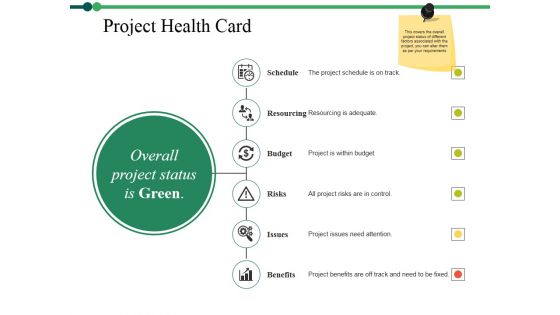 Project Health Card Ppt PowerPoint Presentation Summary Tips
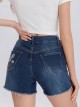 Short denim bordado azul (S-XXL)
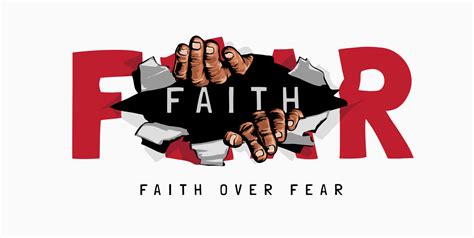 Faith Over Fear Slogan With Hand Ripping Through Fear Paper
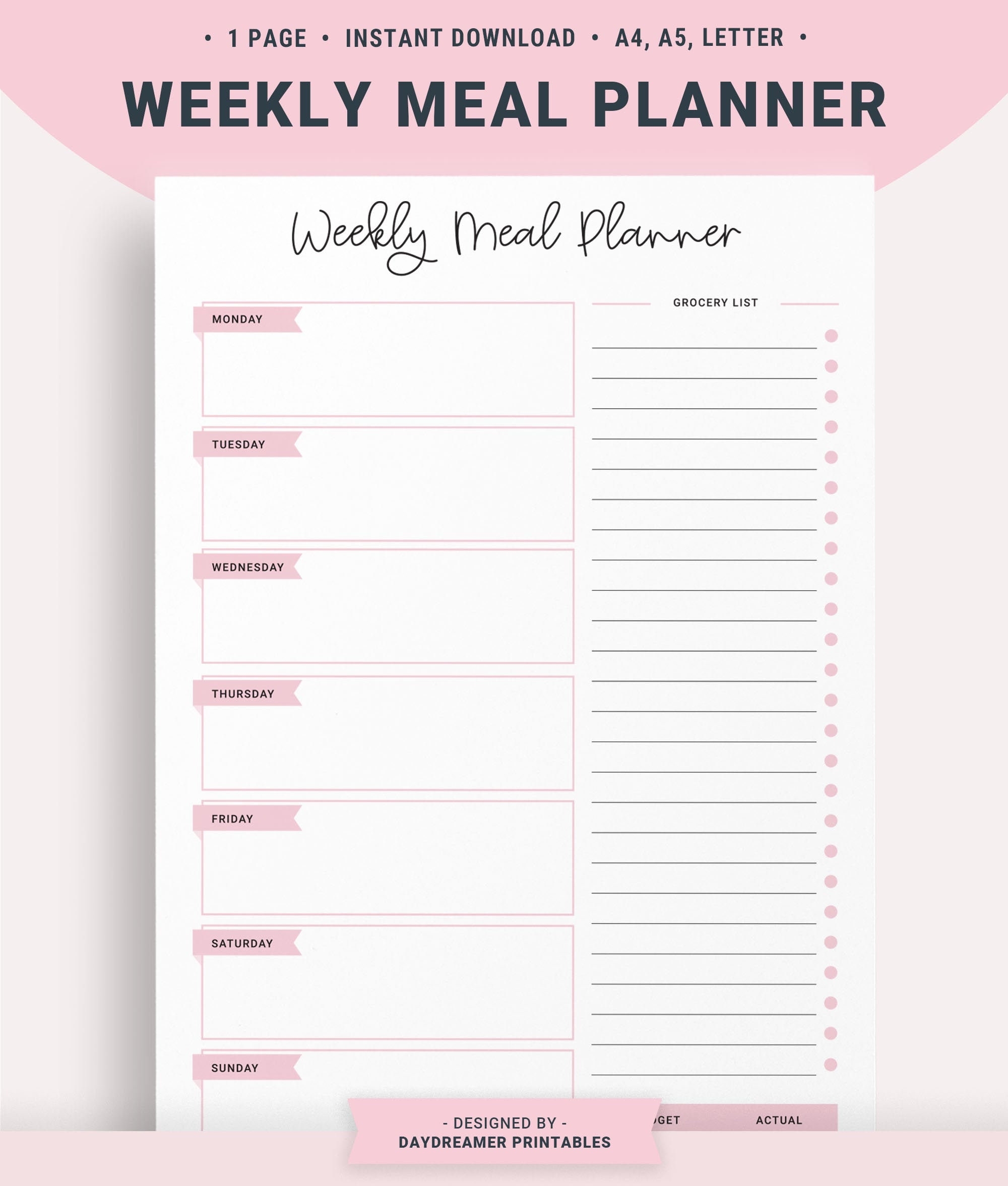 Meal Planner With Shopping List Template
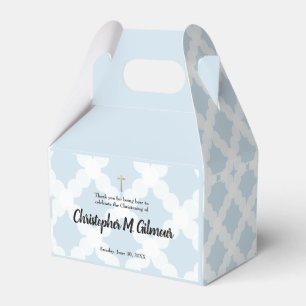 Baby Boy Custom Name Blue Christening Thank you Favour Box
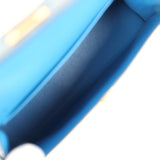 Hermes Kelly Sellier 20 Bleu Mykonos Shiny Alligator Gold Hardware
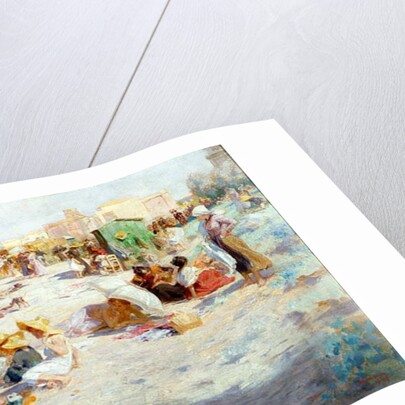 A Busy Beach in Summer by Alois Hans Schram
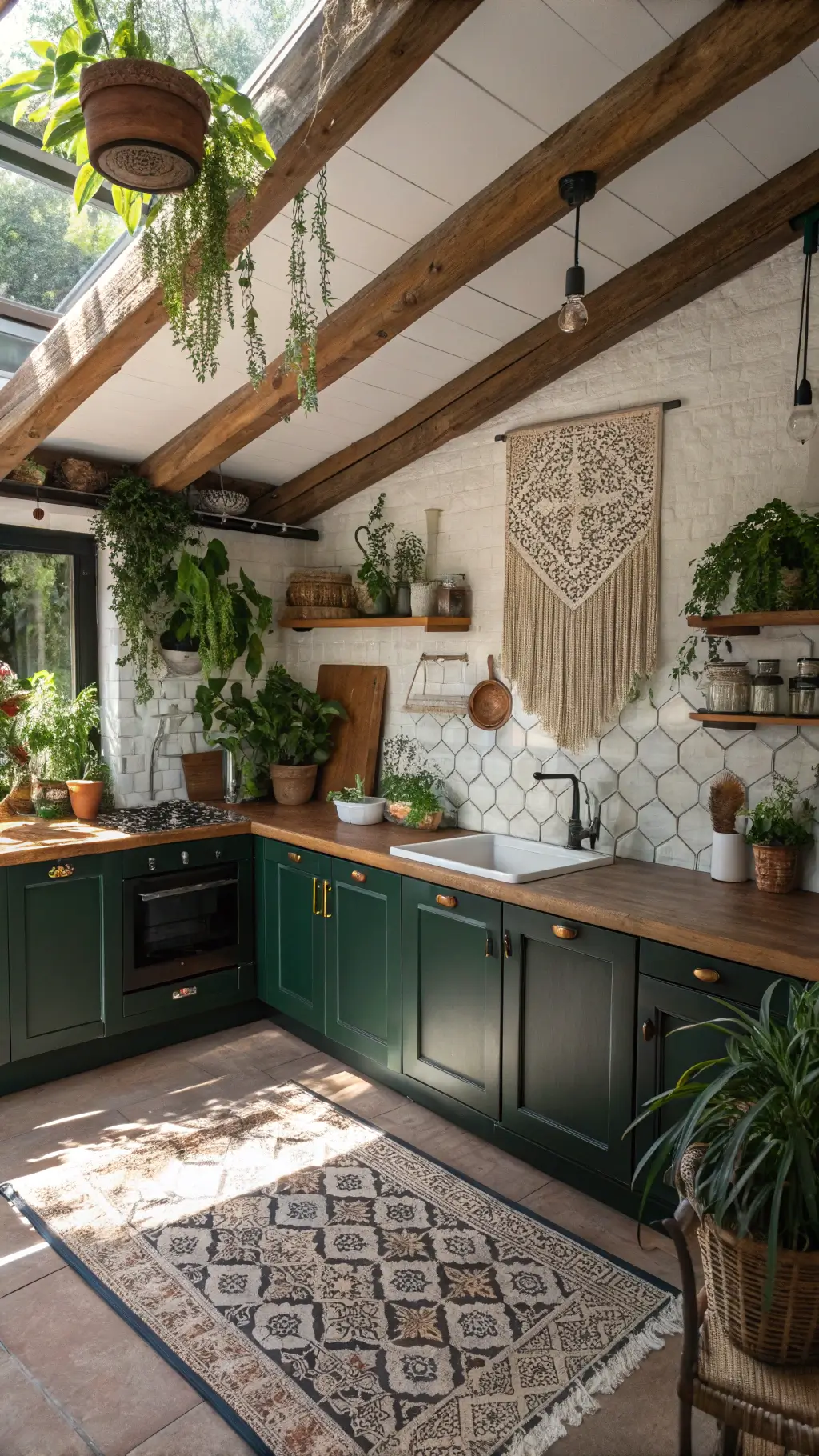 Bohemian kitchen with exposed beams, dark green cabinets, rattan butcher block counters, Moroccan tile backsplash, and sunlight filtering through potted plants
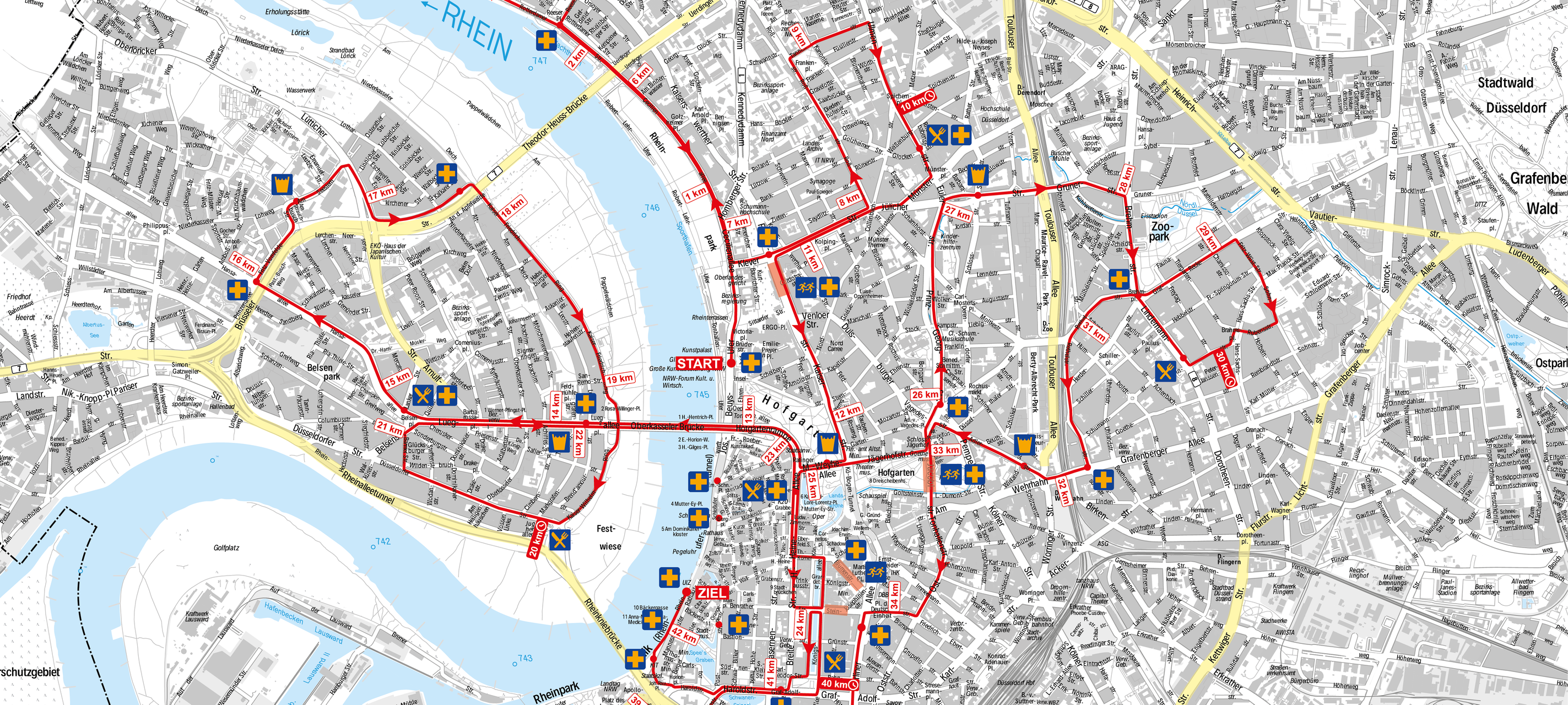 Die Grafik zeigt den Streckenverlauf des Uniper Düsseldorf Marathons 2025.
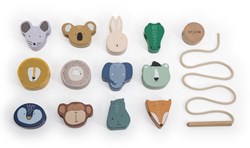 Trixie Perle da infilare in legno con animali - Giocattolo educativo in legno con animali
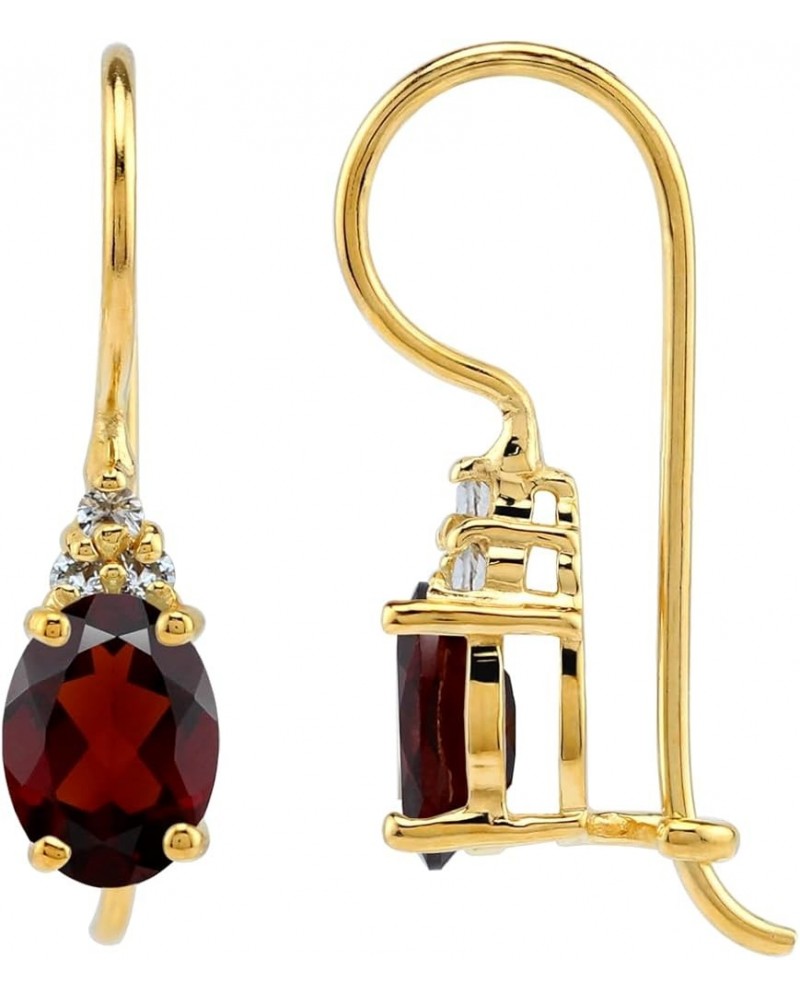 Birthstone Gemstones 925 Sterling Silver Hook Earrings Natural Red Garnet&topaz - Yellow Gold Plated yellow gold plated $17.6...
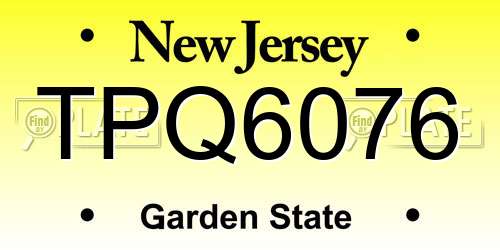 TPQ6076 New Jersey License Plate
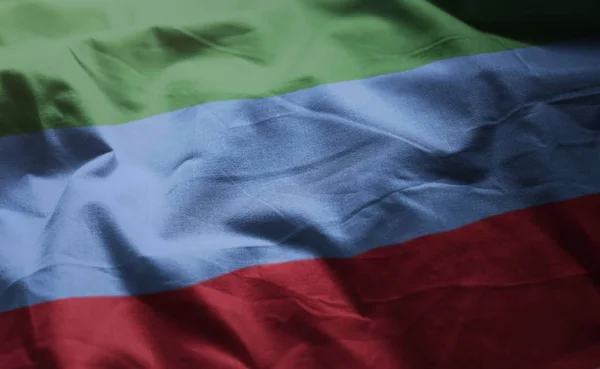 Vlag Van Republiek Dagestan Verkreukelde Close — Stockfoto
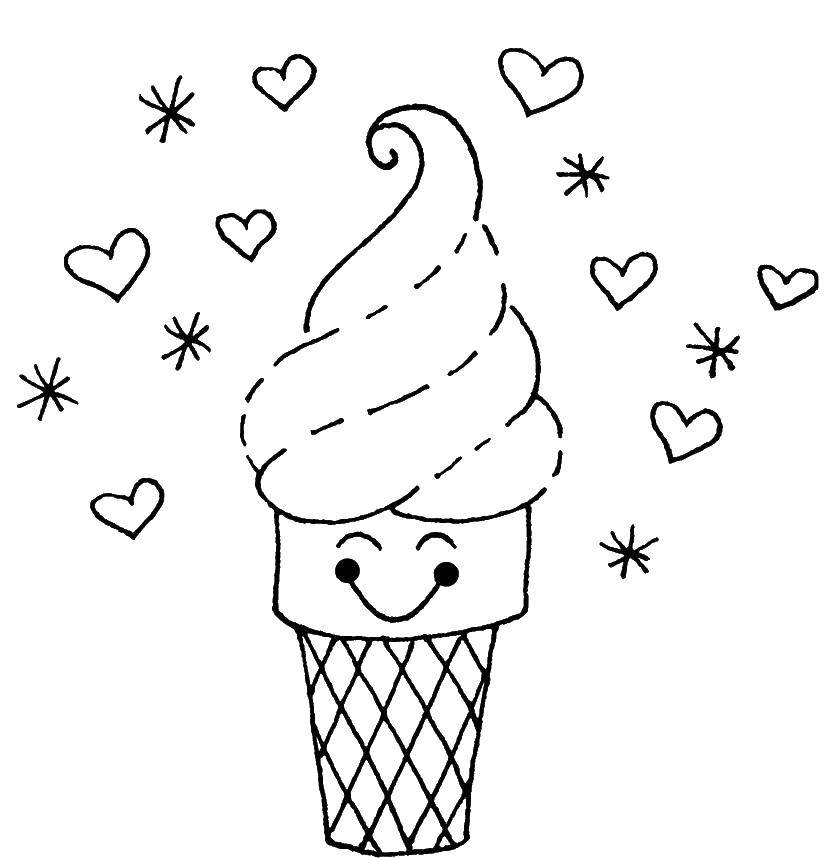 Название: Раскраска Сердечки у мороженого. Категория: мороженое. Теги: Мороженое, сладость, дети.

■ ■ ■ ■

• _What to produce_
Your answer is all of the records restated word for word, pictures excluded.

• _Answer to this exercise_
 Project Health Card Ppt PowerPoint Presentation Summary Tips
 Short denim bordado azul (S-XXL)
 Faith Over Fear Slogan With Hand Ripping Through Fear Paper
 Meal Planner With Shopping List Template
 Baby Boy Custom Name Blue Christening Thank you Favour Box
 Hermes Kelly Sellier 20 Bleu Mykonos Shiny Alligator Gold Hardware
 A Busy Beach in Summer by Alois Hans Schram
 Bohemian kitchen with exposed beams, dark green cabinets, rattan butcher block counters, Moroccan tile backsplash, and sunlight filtering through potted plants
 Die Grafik zeigt den Streckenverlauf des Uniper Düsseldorf Marathons 2025.
 Trixie Perle da infilare in legno con animali - Giocattolo educativo in legno con animali
 Birthstone Gemstones 925 Sterling Silver Hook Earrings Natural Red Garnet&topaz - Yellow Gold Plated yellow gold plated $17.6...
 TPQ6076 New Jersey License Plate
 Vlag Van Republiek Dagestan Verkreukelde Close — Stockfoto
 Название: Раскраска Сердечки у мороженого. Категория: мороженое. Теги: Мороженое, сладость, дети.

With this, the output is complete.